The announcement of London’s first art blockbuster of 2016 was met by much muttering that the Royal Academy was merely chasing after the money of a sort of art show dilettante.
There seemed to be a suggestion that Painting the Modern Garden: Monet to Matisse was not quite ‘serious,’ as art goes.
|The Wall of the Vegetable Garden, Yerres, Caillebotte|
Even the Daily Mail got in on the act with a sneery piece about ‘Monet mania’.
But none of that was going to put off someone who has, in recent years, experienced Damascene moments when it comes to both of those named artists.
So a week ago, after work, The Other Half and I toddled along to Piccadilly.

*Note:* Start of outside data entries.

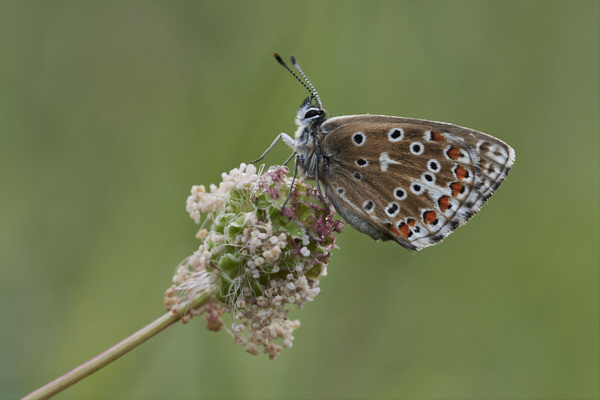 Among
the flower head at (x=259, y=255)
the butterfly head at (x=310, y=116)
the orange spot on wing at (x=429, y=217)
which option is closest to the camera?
the flower head at (x=259, y=255)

It must be said that, in terms of the Matisse element of the exhibition, it’s a bit of a disappointment.
Organised in conjunction with the Cleveland Museum of Art, some paintings are being seen in London but not in the States and visa versa.

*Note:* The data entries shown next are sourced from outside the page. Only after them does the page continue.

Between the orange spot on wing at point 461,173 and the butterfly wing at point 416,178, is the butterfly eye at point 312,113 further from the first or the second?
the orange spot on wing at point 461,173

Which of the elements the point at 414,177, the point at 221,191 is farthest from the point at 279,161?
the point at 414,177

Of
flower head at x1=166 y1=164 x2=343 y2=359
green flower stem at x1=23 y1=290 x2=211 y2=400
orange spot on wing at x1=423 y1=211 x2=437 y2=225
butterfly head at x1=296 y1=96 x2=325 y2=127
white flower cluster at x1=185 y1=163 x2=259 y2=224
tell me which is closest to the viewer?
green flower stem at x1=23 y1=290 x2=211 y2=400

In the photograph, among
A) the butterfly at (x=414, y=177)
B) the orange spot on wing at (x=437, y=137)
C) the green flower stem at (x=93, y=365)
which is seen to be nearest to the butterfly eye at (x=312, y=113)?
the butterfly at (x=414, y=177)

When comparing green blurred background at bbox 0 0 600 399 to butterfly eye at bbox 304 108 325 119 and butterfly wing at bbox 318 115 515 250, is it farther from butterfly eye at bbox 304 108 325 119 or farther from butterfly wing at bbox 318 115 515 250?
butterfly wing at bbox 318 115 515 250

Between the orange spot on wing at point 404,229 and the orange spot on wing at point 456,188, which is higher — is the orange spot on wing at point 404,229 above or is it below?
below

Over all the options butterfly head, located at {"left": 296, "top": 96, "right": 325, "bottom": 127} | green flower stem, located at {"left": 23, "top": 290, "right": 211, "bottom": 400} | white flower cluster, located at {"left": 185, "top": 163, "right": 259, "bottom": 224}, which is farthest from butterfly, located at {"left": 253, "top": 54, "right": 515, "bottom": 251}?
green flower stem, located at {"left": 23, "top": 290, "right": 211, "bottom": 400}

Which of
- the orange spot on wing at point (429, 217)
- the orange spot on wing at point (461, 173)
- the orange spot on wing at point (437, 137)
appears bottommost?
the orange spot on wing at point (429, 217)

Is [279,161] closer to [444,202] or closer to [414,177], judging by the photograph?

|Woman and Child in a Meadow at Bougival, Morisot|
In the US, according to the catalogue (which is rather poorly printed in terms of colour reproduction, by the way), there will be three Matisse’s on view that are not to be found in London.
The two here are not his finest, although Rose Marble Table (1917), on a second look, does generate light, even though, by Matisse’s standards, the background is downright muddy. Bloody geniuses.
But that’s being picky. There are fascinating works here by myriad other painters – some of whom were new or little-known to us – and then there are the works by Monet.
The exhibition opens with two fascinating pairings: first, of flower pictures by Renoir and Monet and then, Renoir’s Monet Painting In His Garden At Argenteuil together with the painting that Monet is shown working on, The Artist’s Garden in Argenteuil (A Corner of the Garden with Dahlias), from 1873.
The first duo are highly conventional still life paintings; the second sees both artists moving toward what we recognise today as an Impressionist approach.
The exhibition makes much of the rise of recreational gardening among the growing middle class and its influence on artists, although some painters continued to be inspired by their own preference for rather more traditional vegetable gardening – a group that included Camille Pissarro, who painted his kitchen garden.
And indeed, Gustave Caillebotte did the same, with The Wall of the Vegetable Garden, Yerres (1877) proving a rare pastel work in such exhibitions, and very modern, with its stark geometry.
|The Terrace at Méric, Bazille|
In making sure that the link between recreational gardening and painting is clear, there are exhibits of seed catalogues, magazines and other gardening materials, plus a rather marvelous film of Monet painting.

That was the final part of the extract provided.